Lu pour vous
https://www.jeuneafrique.com/ Par François Soudan 31 octobre 2022 à 08:15
Aux yeux des Africains, la guerre en Ukraine n’est pas une guerre pour des valeurs, valeurs que du reste tout le monde a violées. Ce n’est tout simplement pas leur guerre.
Burkina Faso. Inaugurée par Leonid Brejnev en personne, qui y reçut à déjeuner Valéry Giscard d’Estaing à la grande époque de l’amitié franco-soviétique, l’ambassade de la Fédération de Russie à Paris est un exemple type de l’architecture post-stalinienne des années 1970 : fonctionnelle, massive et brutaliste.
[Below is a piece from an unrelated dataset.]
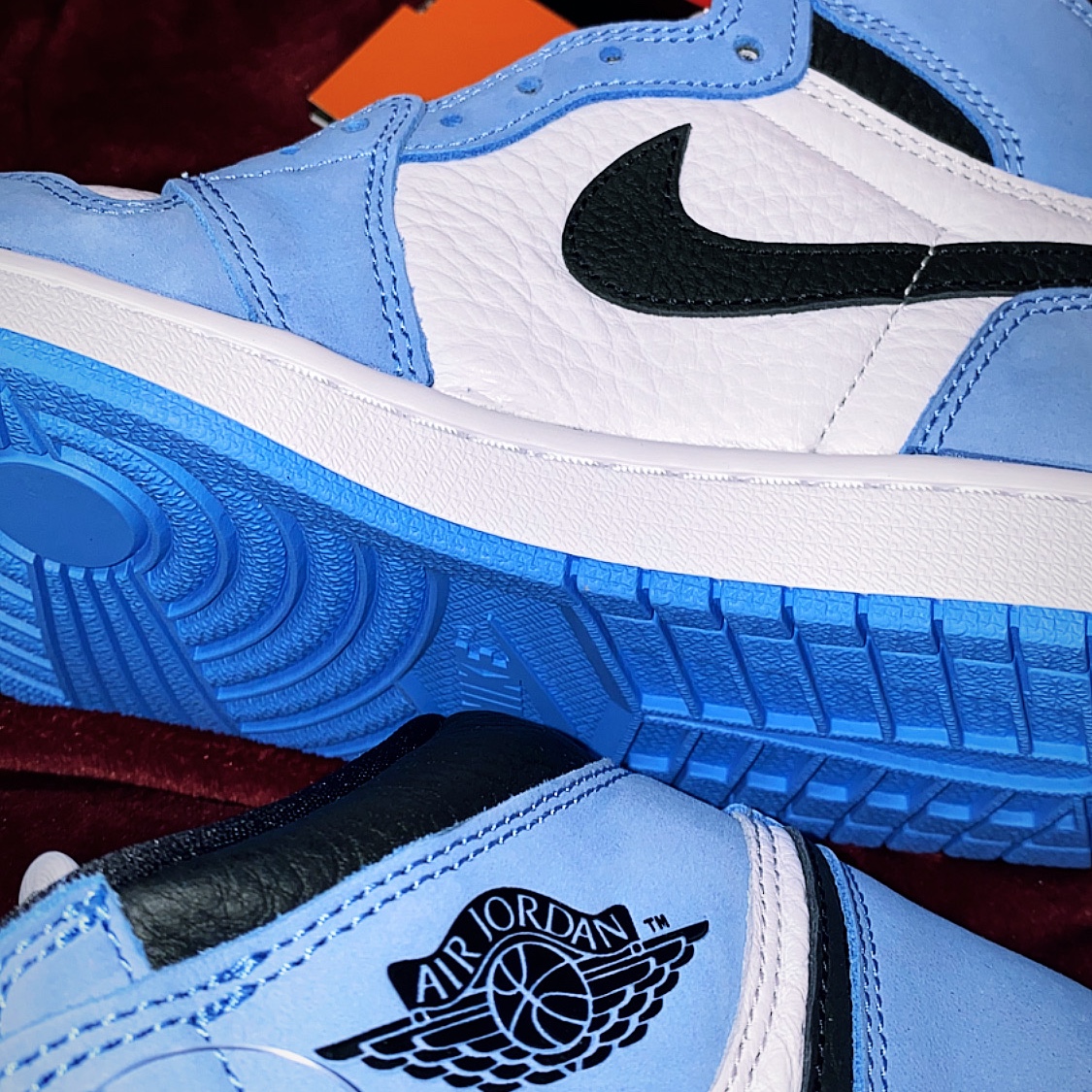 Jordan 1 Retro High OG University Blue, (GS) Jordan 1 Retro High OG University Blue 착용 스타일 - 1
En cette matinée d’octobre 2022, huitième mois de l’invasion de l’Ukraine, le cordon de policiers français qui l’entoure, filtre les accès et assure la surveillance anti-drones du bâtiment lui donne une allure de forteresse assiégée.
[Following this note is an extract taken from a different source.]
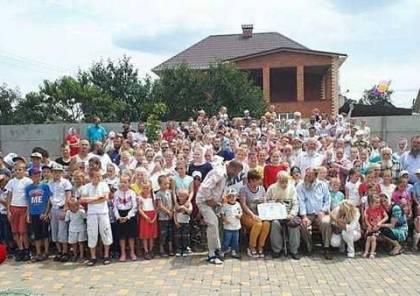 أوكراني يستعد لدخول "غينيس" بأكبر عائلة في العالم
La France et la Russie ne sont pas en guerre, mais on en perçoit les prémices dans les couloirs sombres du rez-de-chaussée et la mine grave des deux diplomates qui, à leur demande, reçoivent Jeune Afrique pour ce qu’on appelle un briefing off, une rencontre d’où ne peut filtrer que ce que les journalistes sont en mesure – à leurs risques et périls – de restituer. Alexander Makogonov, porte-parole, et Ilya Tikhonov, secrétaire chargé de l’Afrique, sont jeunes, policés et parfaitement francophones. Leur objectif est d’assurer le service après-vente d’une tribune signée Oleg Ozerov, cheville ouvrière du prochain sommet Russie-Afrique, prévu en principe pour la mi-2023, ce qu’ils font, il faut le reconnaître, avec un certain talent et juste ce qu’il faut de conviction pour ne pas apparaître comme de simples propagandistes.
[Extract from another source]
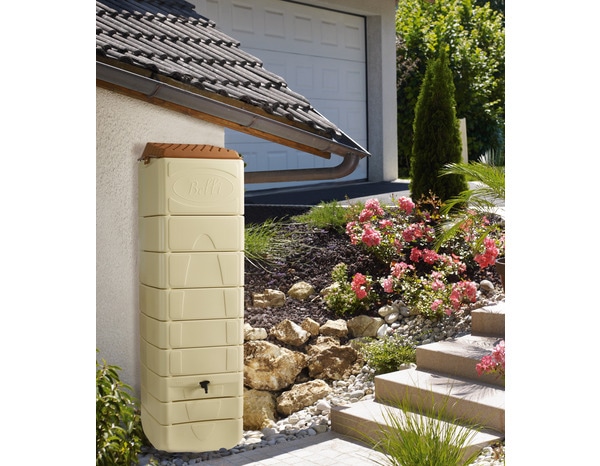 Récupérateur d'eau mural beige 650L - L. 60 x P. 60 x H. 200 cm. - Brico Dépôt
Élément de langage clé de nos deux interlocuteurs : la France n’est pas notre ennemie, même si elle se comporte comme telle, « nous ne demandons pas aux Africains de couper leurs relations avec Paris, nous ne leur disons pas : “Soutenez notre opération spéciale en Ukraine ou nous allons vous punir.” Cette posture de chantage, nous la laissons aux Occidentaux, qui en usent systématiquement. Nous n’obligeons pas les Africains à choisir un camp contre l’autre, même s’ils doivent savoir que nous sommes dans le même camp qu’eux ».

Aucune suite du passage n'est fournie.